According to the claimed method, vaccine therapy was carried out for 30 patients with type I and / or type II continuous recurrent course. In all patients in the area of vaccine administration, a HRT reaction was noted. Three patients experienced flu-like syndrome during vaccine therapy. All patients reported an increase in the duration of remission. The average duration of remission increased 3 times compared with the prototype. In addition, with repeated relapses of GI, the cutaneous manifestations of GI were stopped during the first day, before the use of vaccine therapy, the manifestations of GI were stopped by 5-7 days. In addition, the area of the lesion during relapse was less than before the start of vaccine therapy.

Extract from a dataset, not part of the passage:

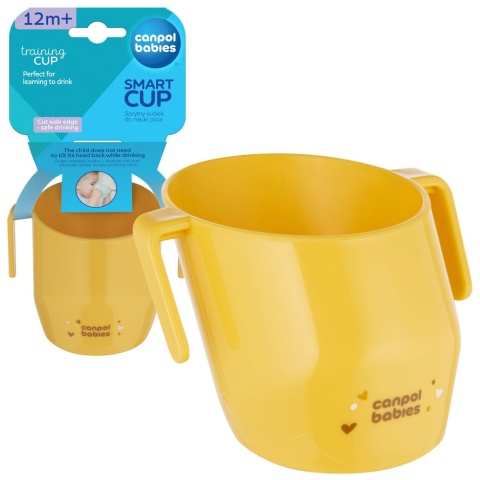 Kubek do nauki picia z uchwytami sprytny krzywy otwary Canpol 12+ żółty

The technical result of the proposed method of vaccine therapy GI is to increase the duration of remission by 3 times by reducing the frequency of relapses and quickly stop the manifestations of herpes infection. The method can be used for the prevention and treatment of herpes simplex infection of types I and II. An important advantage of the proposed method of vaccine therapy is that vaccination by the claimed method can be carried out both in remission and in relapse of the disease.

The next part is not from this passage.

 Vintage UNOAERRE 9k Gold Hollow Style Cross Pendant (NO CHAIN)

Table 1 Indicator Before vaccination (%) 2 weeks after 3 vaccinations (%) Cd3 56.5 63.3 Cd4 40.5 46.2 Cd8 35.8 27.9 IRI (CD4 / CD8) 1,1 1.7 CD16 31.5 23.9 CD3 ⁺ CD4 ⁺ 38.5 46.1 CD3 ⁺ CD8 ⁺ 21.8 14.8 CD3-CD8 ⁺ 14.0 13.3 CD8 ⁺ CD16 ⁺ 17.3 17.4 CD3 ⁺ CD16 ⁺ 4.9 1,2 Perforin 35.9 34.9 CD8 ⁺ Perforin * 21.1 20.5 Percent of CD8 lymphocytes with perforin in the entire CD8 lymphocyte population 58.9 73.5

table 2 Indicator Before vaccination (%) 2 weeks after 3 vaccinations (%) Cd3 73.6 62.1 Cd4 36.5 34.7 Cd8 43.1 36.6 IRI (CD4 / CD8) 0.8 0.9 CD16 24.2 28.5 CD3 ⁺ CD4 ⁺ 36.1 34.7 CD3 ⁺ CD8 ⁺ 36.1 28,2 CD3 ⁺ CD8 ⁺ 7.0 8.4 CD8 ⁺ CD16 ⁺ 10,4 8.2 CD3 ⁺ CD16 ⁺ 3.3 2,5 Perforin 28.9 46.5 CD8 ⁺ Perforin ⁺ 15.4 23,2 Percent of CD8 lymphocytes with perforin in the entire CD8 lymphocyte population 35.7 63,4

Claims (1)

The method of vaccination therapy of herpes infection, which consists in using a standard antiherpetic vaccine, which is a suspension of herpes simplex viruses type I and II killed by formalin, characterized in that the dendritic cells (DC) obtained from the patient’s blood in vitro are “loaded” with viral antigens originating from this vaccine; the resulting vaccine is administered intradermally at 4-6 points along the lymphatic collectors, the course of vaccine therapy consists of 3-4 injections, the intervals between vaccine administrations are from 2 to 4 weeks, the initial dose of the vaccine is 1 × 10⁶-2 × 10⁶ DK, at the second administration, the dose is increased by 2 times; at the third administration, the dose is increased by 4 times in comparison with the first administration.